Cinque maxischermi sulla facciata dell’ex stazione, per chi non riuscisse a entrare, mentre cresce la fila all’ingresso. La ministra Maria Elena Boschi che alle 18 chiama a rapporto i frontmen & women di questa edizione, i parlamentari Edoardo Fanucci, Lorenza Bonaccorsi, Luigi Famiglietti e Silvia Fregolent, per le ultime indicazioni prima del fischio (anzi, l’aperitivo) d’inizio. La Leopolda numero 5, quella «di governo», apre i battenti in attesa di Matteo Renzi, che a metà mattinata da Bruxelles twitta: «Oggi si torna a casa. Ma solo per ripartire». E alle otto di sera si presenta al Tg di Mentana, in collegamento da Firenze, per assicurare che no, nessuna contrapposizione con la romana piazza San Giovanni, ma «questo è un luogo dove non si protesta, si propone» ed «è finito il tempo in cui una manifestazione di piazza può bloccare un governo, può bloccare un paese». E «noi ascoltiamo il milione di persone della piazza, ma anche gli altri 60 che stanno a casa». Avanti come un treno che figurarsi se teme i frenatori: «Io non mollo», ripete quando sale sul palco, a proposito della Commissione Ue.

Stessa stazione, nuova corsa per l’inquieto rottamatore che ha scalato il Pd e il governo (anzi l’Italia, «la Leopolda del 2011 mi ha fatto capire che questo paese era scalabile, so che questo termine farà discutere…», dice ancora dal palco) per cominciare a dare corpo al «partito della nazione» che ha in mente. Sarà per questo che alla Leopolda si incontra persino il coordinatore toscano di Forza Italia, Massimo Parisi, vicinissimo a Verdini? Macché, «sono qua per un’intervista con Rainews», assicura lui. Mai dire mai, «il futuro è solo l’inizio», recita lo slogan 2014 e chi non scommetteva sul giovanotto di Rignano sull’Arno non aveva capito niente, suggeriscono i manifesti della kermesse: su di essi campeggiano Picasso, i Beatles, Elvis, Walt Disney e le frasi di chi aveva previsto l’oblio per tutti loro.
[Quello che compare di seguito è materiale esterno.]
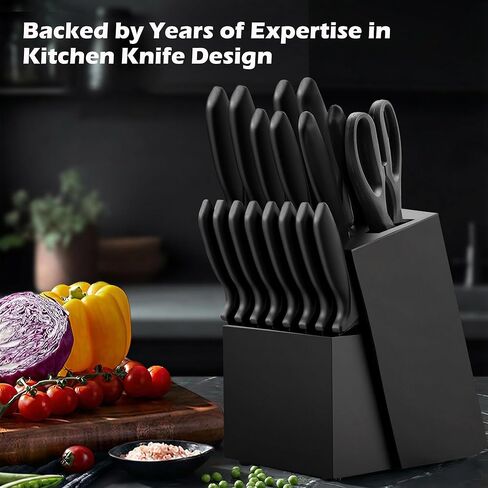 Knife Set, KroWallu 20 Pieces Knife Sets for Kitchen with Block, Dishwasher Safe Kitchen Knife Set with Built-in Sharpener, German Stainless Steel Black Knife Block Set in Kuwait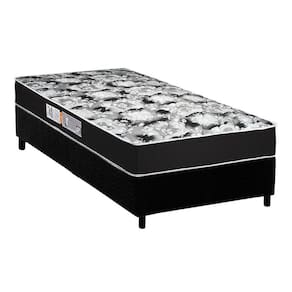 Cama Box Solteiro: Colchão Espuma D45 Luckspuma Gran Luck Pro + Base CRC Suede Black(88x188)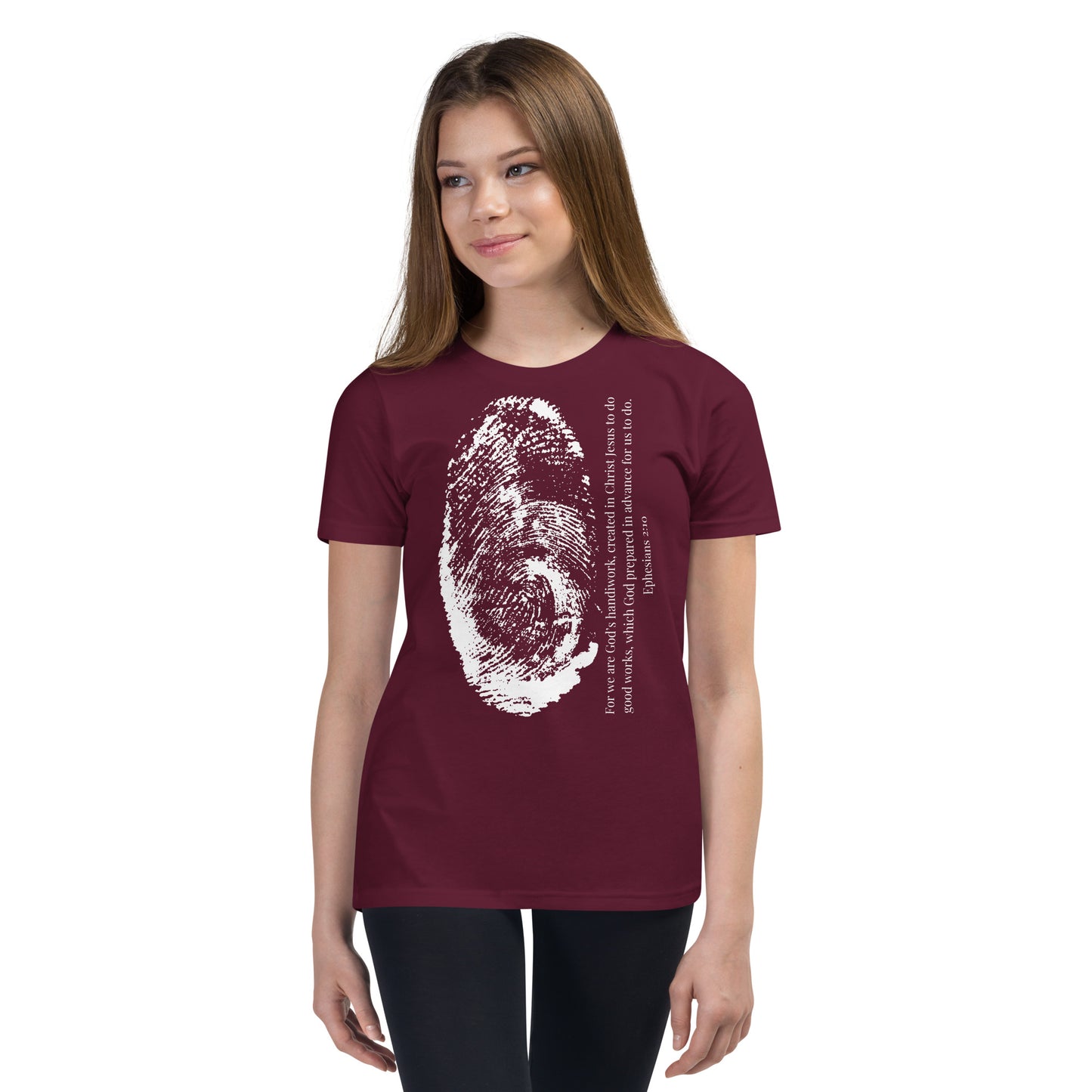 Fearfully And Wonderfully Made Youth Short Sleeve T-Shirt W/White Print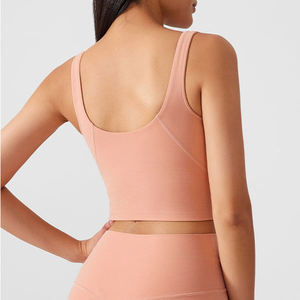 Soutien-gorge de sport pour femme en promotion – Haute qualité, extensible dans 4 directions, respirant, écologique, élasticité moyenne, XS personnalisable à l'avant - Product Image 5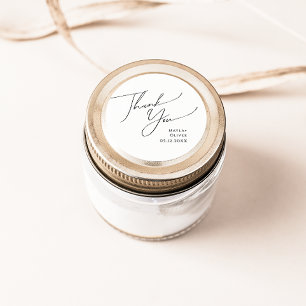Whimsical Minimal Script Thank You Wedding Favor Classic Round Sticker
Noi e loro, i frenatori appunto, è ancora il messaggio nonostante il «grande rispetto» del premier per la manifestazione contro il Jobs act, quello che sul «futuro» di tante e tanti mette una sinistra ipoteca. E un pezzo del Pd disorientato nella «nazione» renziana sarà lì. E il presente è già nero per gli operai dell’Ast di Terni che domani arriveranno alla Leopolda, «Renzi non viene a Terni andremo noi da lui», spiega il segretario della Fiom Claudio Cipolla. E ci sarà pure Daniele Calosi, segretario Fiom di Firenze che dal palco vorrebbe «spiegare l’idea che la Cgil ha del cambiamento del Paese», ammesso che interessi, ma la Leopolda «io non la considero un’altra Italia come dice Boschi, vorrei lo stesso rispetto per chi sarà in piazza».

«Rispetto», ha ripetuto Renzi ma appunto «la Leopolda è un’altra cosa». E il leader del Pd «della nazione» tira una linea quando dice: «La conduzione della manifestazione non è sindacale, ma politica. E’ stato Vendola a annunciare lo sciopero generale». Ma tanto a ogni Leopolda, da quella del «Big bang», c’è stata una cosa «contro», dice ancora dal palco facendo lo spavaldo, dunque «ringraziamo la Cgil». E lancia il primo dei video autocelbrativi che costellano l’intervento-show, colonna sonora Jovanotti che canta «il più grande spettacolo dopo il big bang», i frenatori se ne facciano una ragione. «La Leopolda è la nostra gente che vuole pensare in modo diverso rispetto al passato». Ma soprattutto, c’est moi.